-- MATERIAL PROVIDED --
Segment Open

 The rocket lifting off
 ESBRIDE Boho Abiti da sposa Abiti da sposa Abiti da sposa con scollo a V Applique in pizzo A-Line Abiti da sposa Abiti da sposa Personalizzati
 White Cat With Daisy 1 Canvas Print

Segment Closed
Segment Open

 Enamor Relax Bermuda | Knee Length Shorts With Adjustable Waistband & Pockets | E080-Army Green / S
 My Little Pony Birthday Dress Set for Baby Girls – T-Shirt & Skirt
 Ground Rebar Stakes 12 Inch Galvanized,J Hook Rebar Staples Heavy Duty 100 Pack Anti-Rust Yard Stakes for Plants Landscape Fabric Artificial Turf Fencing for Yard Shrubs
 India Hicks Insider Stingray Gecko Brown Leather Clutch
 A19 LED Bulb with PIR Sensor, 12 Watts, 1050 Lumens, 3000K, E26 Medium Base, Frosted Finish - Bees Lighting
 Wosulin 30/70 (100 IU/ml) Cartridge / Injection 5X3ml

Segment Closed

-- TASK TO COMPLETE --
In the listing above, find the line containing "ESBRIDE Boho Abiti" and the line containing "White Cat With Daisy 1 Canvas Print". Output them and every line between, exactly, and nothing else.

-- RESULT FOR THIS TASK --
 ESBRIDE Boho Abiti da sposa Abiti da sposa Abiti da sposa con scollo a V Applique in pizzo A-Line Abiti da sposa Abiti da sposa Personalizzati
 White Cat With Daisy 1 Canvas Print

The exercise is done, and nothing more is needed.